• [Your task] Repeat the stretch of entries below from the line with "Sony Walkman Am FM SRF-4 In Box - Photo 2" through the line with "Speed Sensor WHT-003-857-D - View 15". Include both ends and add nothing.

• [Material provided]
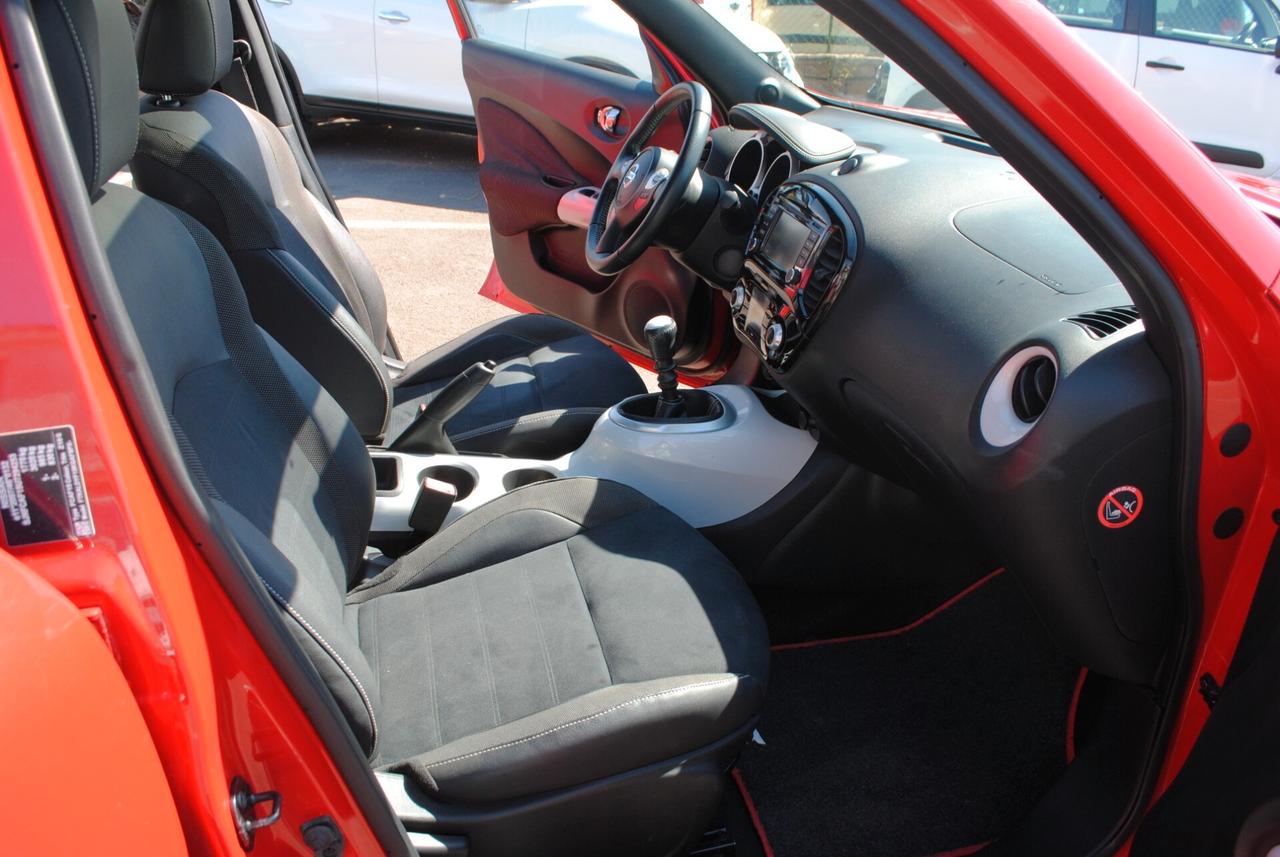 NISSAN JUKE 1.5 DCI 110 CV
--
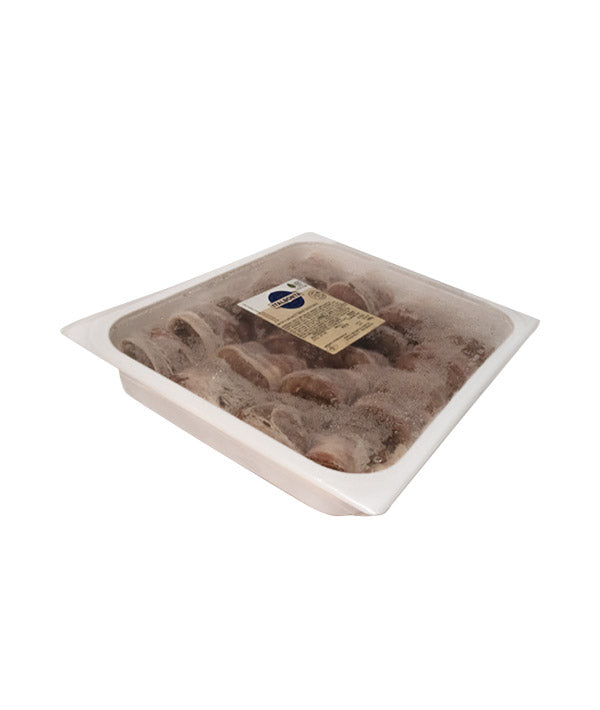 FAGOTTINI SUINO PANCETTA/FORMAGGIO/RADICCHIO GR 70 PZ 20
* * *
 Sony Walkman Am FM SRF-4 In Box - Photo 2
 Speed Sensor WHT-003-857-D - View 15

• [Answer box]
 Sony Walkman Am FM SRF-4 In Box - Photo 2
 Speed Sensor WHT-003-857-D - View 15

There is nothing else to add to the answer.